Remarks of the dp property:

First, The dp property guarantees that, if $$$\{v_1, v_2, ..., v_n\}$$$ is the shortest path from $$$v_1$$$ to $$$v_n$$$, then for $$$\forall 1 \leq k \leq n$$$, $$$\{v_1, v_2, ..., v_k\}$$$ is the shortest $$$v_1$$$-$$$v_k$$$ path. You can do induction from end to front.

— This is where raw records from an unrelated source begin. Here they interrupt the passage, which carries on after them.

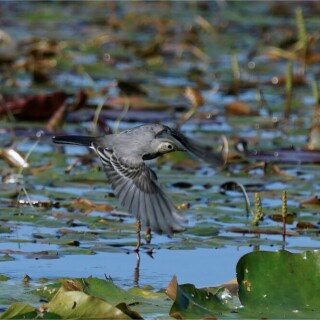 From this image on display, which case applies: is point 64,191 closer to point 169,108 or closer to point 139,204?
point 139,204

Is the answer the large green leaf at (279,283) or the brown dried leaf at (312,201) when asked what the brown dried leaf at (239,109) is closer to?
the brown dried leaf at (312,201)

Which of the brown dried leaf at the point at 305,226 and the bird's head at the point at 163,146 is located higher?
the bird's head at the point at 163,146

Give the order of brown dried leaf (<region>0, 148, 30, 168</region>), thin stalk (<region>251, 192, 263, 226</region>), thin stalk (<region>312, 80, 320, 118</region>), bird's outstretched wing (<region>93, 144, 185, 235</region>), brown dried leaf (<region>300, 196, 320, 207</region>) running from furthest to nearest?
thin stalk (<region>312, 80, 320, 118</region>) → brown dried leaf (<region>0, 148, 30, 168</region>) → brown dried leaf (<region>300, 196, 320, 207</region>) → thin stalk (<region>251, 192, 263, 226</region>) → bird's outstretched wing (<region>93, 144, 185, 235</region>)

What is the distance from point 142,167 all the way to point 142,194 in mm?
142

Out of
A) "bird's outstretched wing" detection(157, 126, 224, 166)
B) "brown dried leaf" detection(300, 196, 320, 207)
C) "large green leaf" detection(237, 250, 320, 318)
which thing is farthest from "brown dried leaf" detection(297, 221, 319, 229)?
"large green leaf" detection(237, 250, 320, 318)

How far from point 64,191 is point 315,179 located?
158 cm

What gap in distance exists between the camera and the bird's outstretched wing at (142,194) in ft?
13.5

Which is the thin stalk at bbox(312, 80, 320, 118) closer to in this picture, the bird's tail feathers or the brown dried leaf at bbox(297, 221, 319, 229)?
the brown dried leaf at bbox(297, 221, 319, 229)

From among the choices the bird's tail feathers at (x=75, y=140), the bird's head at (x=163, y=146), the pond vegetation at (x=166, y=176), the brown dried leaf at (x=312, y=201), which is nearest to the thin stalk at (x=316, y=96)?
the pond vegetation at (x=166, y=176)

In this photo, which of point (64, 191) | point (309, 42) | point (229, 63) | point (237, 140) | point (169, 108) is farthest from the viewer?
point (229, 63)

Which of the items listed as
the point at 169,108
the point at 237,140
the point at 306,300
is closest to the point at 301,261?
the point at 306,300

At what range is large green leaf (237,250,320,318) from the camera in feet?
12.5

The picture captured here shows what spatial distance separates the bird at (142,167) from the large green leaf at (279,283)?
34 centimetres

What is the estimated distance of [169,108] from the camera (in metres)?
8.61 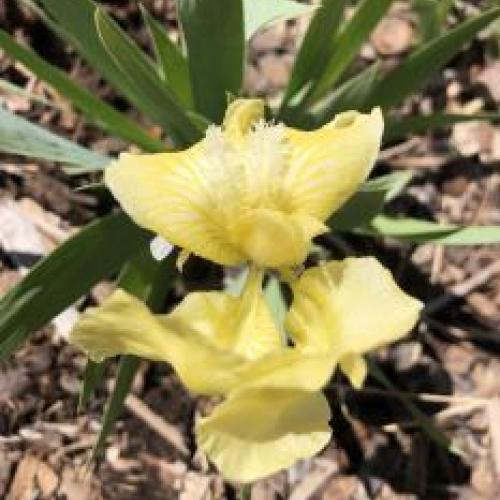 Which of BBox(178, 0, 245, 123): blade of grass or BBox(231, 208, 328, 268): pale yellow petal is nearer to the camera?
BBox(231, 208, 328, 268): pale yellow petal

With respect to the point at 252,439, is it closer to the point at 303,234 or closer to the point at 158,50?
the point at 303,234

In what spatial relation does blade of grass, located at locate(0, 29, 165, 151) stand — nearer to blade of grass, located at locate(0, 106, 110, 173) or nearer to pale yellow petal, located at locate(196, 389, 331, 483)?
blade of grass, located at locate(0, 106, 110, 173)

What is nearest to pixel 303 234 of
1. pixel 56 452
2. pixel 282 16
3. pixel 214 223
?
pixel 214 223

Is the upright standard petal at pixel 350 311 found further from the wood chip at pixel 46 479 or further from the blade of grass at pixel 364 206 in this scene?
the wood chip at pixel 46 479

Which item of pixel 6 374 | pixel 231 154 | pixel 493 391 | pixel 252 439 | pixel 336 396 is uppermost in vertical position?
pixel 231 154

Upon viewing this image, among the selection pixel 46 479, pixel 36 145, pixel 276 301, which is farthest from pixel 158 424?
pixel 36 145

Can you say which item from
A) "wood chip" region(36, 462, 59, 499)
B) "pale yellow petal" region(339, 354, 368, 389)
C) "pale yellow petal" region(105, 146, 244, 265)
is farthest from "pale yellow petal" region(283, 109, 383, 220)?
"wood chip" region(36, 462, 59, 499) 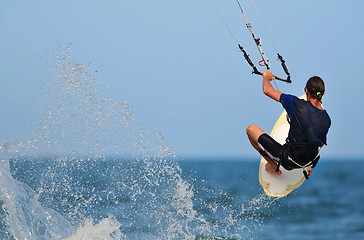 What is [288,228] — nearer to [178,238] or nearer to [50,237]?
[178,238]

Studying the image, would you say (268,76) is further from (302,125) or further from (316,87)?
(302,125)

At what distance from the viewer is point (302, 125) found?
5.32 metres

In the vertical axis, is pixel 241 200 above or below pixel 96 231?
above

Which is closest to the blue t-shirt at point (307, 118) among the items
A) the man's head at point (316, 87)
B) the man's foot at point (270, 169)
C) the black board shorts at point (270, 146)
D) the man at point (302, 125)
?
the man at point (302, 125)

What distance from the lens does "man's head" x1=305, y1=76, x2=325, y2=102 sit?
→ 205 inches

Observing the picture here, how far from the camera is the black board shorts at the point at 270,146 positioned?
18.6 ft

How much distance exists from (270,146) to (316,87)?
0.94 m

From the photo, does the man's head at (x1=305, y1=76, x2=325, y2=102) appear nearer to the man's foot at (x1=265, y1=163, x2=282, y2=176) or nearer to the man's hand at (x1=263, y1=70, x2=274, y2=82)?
the man's hand at (x1=263, y1=70, x2=274, y2=82)

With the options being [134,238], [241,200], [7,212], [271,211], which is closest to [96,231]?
[7,212]

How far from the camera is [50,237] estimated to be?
6293 mm

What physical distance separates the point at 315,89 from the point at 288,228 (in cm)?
772

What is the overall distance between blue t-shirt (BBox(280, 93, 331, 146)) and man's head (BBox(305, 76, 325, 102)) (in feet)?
0.40

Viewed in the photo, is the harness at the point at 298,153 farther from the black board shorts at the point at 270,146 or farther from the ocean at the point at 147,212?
the ocean at the point at 147,212

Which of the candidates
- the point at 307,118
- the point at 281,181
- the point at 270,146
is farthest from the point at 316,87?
the point at 281,181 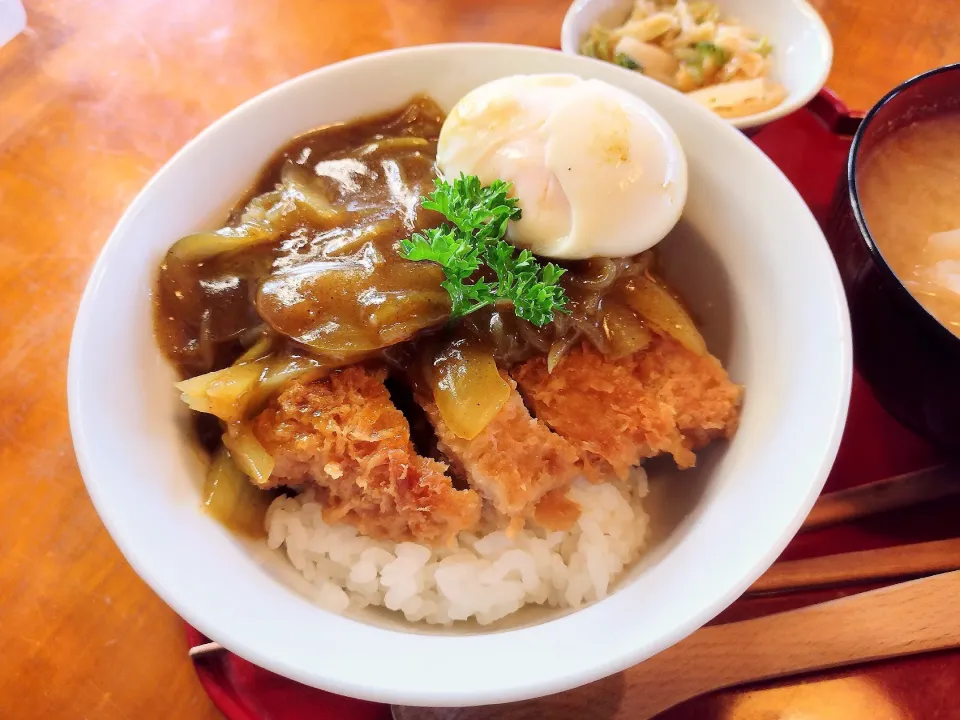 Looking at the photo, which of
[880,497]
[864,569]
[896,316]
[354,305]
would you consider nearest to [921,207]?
[896,316]

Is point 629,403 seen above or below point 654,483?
above

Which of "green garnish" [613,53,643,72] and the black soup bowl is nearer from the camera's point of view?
the black soup bowl

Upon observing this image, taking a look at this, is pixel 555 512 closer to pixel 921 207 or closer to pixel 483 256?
pixel 483 256

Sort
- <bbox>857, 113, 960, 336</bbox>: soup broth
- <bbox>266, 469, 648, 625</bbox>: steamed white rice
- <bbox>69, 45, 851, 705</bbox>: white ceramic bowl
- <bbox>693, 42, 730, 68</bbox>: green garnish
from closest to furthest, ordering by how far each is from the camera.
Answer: <bbox>69, 45, 851, 705</bbox>: white ceramic bowl, <bbox>266, 469, 648, 625</bbox>: steamed white rice, <bbox>857, 113, 960, 336</bbox>: soup broth, <bbox>693, 42, 730, 68</bbox>: green garnish

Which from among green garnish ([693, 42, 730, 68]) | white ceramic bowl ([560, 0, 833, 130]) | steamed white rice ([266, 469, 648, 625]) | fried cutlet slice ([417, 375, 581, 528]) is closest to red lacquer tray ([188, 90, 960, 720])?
steamed white rice ([266, 469, 648, 625])

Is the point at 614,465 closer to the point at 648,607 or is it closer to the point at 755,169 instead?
the point at 648,607

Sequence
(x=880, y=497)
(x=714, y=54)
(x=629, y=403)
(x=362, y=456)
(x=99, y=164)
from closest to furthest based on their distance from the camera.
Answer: (x=362, y=456) < (x=629, y=403) < (x=880, y=497) < (x=99, y=164) < (x=714, y=54)

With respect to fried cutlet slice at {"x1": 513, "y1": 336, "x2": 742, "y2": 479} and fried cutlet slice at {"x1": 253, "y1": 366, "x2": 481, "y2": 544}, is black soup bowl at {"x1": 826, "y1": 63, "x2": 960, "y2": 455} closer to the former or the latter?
fried cutlet slice at {"x1": 513, "y1": 336, "x2": 742, "y2": 479} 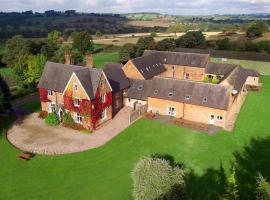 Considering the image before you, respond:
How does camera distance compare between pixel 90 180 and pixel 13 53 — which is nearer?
pixel 90 180

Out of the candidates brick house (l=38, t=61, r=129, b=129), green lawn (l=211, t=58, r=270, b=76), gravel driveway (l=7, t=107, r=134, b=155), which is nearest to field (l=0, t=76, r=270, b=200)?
gravel driveway (l=7, t=107, r=134, b=155)

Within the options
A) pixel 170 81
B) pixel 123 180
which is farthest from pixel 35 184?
pixel 170 81

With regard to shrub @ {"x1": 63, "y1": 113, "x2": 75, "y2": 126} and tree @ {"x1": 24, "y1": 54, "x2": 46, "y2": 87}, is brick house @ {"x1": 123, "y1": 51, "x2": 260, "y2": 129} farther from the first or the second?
tree @ {"x1": 24, "y1": 54, "x2": 46, "y2": 87}

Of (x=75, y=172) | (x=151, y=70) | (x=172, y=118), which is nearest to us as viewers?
(x=75, y=172)

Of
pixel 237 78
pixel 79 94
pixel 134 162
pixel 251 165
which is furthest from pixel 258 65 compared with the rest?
pixel 134 162

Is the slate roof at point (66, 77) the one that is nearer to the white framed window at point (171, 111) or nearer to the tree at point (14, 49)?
the white framed window at point (171, 111)

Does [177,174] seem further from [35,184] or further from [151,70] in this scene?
[151,70]

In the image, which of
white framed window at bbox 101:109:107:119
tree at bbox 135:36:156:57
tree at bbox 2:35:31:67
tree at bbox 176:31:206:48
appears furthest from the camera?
tree at bbox 176:31:206:48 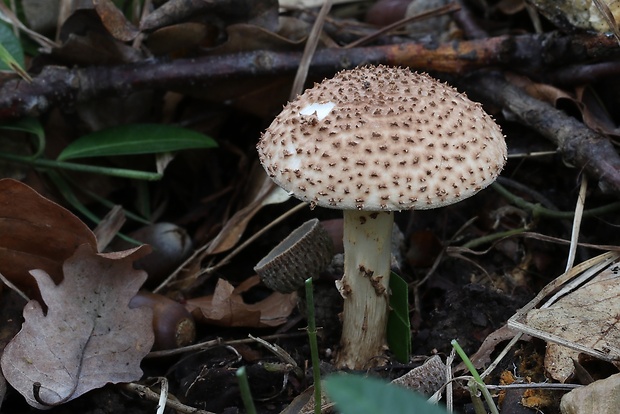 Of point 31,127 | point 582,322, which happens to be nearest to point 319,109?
point 582,322

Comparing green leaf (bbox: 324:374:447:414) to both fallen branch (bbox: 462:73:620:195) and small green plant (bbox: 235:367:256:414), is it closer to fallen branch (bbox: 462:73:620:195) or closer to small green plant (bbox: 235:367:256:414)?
small green plant (bbox: 235:367:256:414)

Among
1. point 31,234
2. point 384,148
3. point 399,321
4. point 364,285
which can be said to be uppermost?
point 384,148

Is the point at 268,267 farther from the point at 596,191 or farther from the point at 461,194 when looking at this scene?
the point at 596,191

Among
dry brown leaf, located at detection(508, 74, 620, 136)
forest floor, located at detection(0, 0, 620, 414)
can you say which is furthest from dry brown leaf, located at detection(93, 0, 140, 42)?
dry brown leaf, located at detection(508, 74, 620, 136)

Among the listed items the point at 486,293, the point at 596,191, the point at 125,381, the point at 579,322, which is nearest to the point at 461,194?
the point at 579,322

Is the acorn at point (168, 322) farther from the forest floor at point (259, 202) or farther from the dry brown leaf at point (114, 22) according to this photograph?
the dry brown leaf at point (114, 22)

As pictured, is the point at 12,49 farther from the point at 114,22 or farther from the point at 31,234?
the point at 31,234

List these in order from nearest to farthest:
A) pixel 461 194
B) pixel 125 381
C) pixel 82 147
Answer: pixel 461 194, pixel 125 381, pixel 82 147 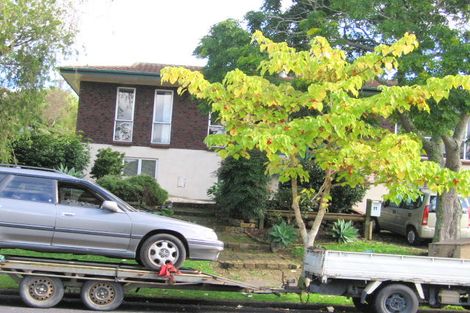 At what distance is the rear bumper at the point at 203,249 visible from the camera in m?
8.98

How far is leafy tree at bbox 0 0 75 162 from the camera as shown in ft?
43.9

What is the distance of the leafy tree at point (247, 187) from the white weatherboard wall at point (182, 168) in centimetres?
716

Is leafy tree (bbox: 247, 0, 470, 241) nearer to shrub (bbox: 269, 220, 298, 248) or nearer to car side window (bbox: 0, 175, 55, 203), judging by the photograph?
shrub (bbox: 269, 220, 298, 248)

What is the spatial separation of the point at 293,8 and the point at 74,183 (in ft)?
28.9

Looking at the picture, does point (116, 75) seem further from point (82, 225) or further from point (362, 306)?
A: point (362, 306)

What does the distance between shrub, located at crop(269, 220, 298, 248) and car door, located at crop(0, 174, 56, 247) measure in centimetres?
642

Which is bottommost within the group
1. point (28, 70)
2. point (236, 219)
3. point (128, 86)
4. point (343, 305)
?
point (343, 305)

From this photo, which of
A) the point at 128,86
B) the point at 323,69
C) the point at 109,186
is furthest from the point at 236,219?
the point at 128,86

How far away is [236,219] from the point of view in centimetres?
1540

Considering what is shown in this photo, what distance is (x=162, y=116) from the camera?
22.9 m

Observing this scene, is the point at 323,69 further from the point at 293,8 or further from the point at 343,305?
the point at 293,8

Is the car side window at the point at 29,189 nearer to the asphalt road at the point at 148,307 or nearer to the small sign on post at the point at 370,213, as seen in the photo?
the asphalt road at the point at 148,307

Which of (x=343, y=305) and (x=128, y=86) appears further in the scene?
(x=128, y=86)

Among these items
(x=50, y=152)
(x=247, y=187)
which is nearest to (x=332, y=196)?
(x=247, y=187) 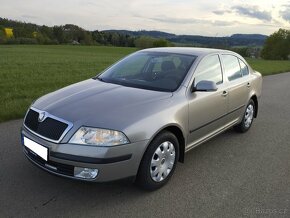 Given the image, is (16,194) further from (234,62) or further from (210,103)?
(234,62)

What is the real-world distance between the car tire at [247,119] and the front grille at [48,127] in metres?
3.59

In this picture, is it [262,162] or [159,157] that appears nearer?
[159,157]

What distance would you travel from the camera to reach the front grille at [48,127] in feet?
10.9

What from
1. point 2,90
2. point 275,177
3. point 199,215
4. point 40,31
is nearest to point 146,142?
point 199,215

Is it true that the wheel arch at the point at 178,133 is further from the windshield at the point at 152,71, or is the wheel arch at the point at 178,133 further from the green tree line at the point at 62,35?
the green tree line at the point at 62,35

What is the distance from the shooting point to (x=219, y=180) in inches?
163

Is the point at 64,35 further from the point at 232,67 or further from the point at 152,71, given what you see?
the point at 152,71

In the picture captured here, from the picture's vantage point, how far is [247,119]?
6.18 metres

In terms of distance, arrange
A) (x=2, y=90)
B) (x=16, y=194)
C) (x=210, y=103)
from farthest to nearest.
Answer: (x=2, y=90) → (x=210, y=103) → (x=16, y=194)

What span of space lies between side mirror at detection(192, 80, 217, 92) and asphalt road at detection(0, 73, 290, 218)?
1.03 m

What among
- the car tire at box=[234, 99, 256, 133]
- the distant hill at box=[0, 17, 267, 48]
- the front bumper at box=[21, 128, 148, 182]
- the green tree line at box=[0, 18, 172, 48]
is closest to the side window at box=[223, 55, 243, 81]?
the car tire at box=[234, 99, 256, 133]

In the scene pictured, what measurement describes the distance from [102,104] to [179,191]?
4.16 feet

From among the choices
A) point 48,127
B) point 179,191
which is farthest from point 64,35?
point 179,191

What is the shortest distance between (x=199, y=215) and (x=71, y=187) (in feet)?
4.59
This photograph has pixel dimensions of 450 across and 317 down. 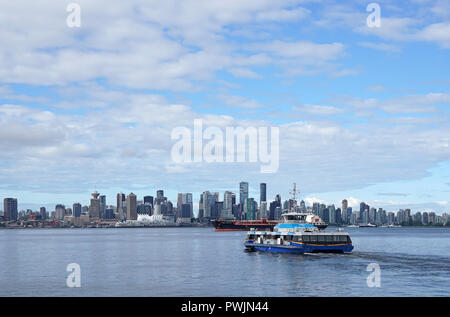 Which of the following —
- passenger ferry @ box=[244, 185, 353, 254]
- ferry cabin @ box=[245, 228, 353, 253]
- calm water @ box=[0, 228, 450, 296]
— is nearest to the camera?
calm water @ box=[0, 228, 450, 296]

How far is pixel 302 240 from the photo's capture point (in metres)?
93.9

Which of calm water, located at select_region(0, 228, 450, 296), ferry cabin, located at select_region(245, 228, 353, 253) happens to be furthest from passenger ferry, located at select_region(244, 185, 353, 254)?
calm water, located at select_region(0, 228, 450, 296)

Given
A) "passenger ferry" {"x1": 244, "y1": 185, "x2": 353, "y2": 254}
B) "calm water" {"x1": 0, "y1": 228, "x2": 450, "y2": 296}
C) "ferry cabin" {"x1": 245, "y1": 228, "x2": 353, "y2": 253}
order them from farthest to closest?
"passenger ferry" {"x1": 244, "y1": 185, "x2": 353, "y2": 254} → "ferry cabin" {"x1": 245, "y1": 228, "x2": 353, "y2": 253} → "calm water" {"x1": 0, "y1": 228, "x2": 450, "y2": 296}

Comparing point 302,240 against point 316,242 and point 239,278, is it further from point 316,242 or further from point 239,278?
point 239,278

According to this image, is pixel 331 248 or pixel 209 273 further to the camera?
pixel 331 248

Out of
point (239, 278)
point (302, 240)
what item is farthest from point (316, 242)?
point (239, 278)

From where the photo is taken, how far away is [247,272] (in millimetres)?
70000

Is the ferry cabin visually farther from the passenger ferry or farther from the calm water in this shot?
the calm water

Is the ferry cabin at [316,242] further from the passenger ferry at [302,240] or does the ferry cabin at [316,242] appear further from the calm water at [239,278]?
the calm water at [239,278]

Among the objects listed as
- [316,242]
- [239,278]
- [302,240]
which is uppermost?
[302,240]

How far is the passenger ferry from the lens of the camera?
9325 centimetres

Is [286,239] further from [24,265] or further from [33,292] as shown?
[33,292]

Second, if $$$f(p) = f(q)$$$, then $$$f(p \cup v) = f(q \cup v)$$$. Because $$$f(p) \geq f(q)$$$, $$$f(p \cup v) \geq f(q \cup v)$$$. Because $$$f(q) \geq f(p)$$$, $$$f(q \cup v) \geq f(p \cup v)$$$. Therefore $$$f(p \cup v) = f(q \cup v)$$$.

The necessity of the induction base is obvious. Otherwise, the $$$f$$$(source vertices) are wrong. For the second property, it is well known that the sum version of dij (shortest path) does not work for edges with negative cost (but the max version works!). For the dp property, let's consider the following example:

In this example $$$f(p):=\sum\limits_{i=1}^{n-1} i \text{dis}(v_i, v_{i+1})$$$. $$$f(ABC) = 1+4*2 = 9$$$; $$$f(AC)=10$$$; $$$f(ABCD) = 1+4*2 + 5*3=24$$$, $$$f(ACD)=10+5*2=20$$$. Since $$$f(ABC) < f(AC),\,f(ABCD) > f(ACD)$$$, $$$f$$$ violates the dp property. In this case, dij does not work, because dij uses ABC to slack D, giving a wrong result $$$24$$$ instead of the correct answer $$$20$$$.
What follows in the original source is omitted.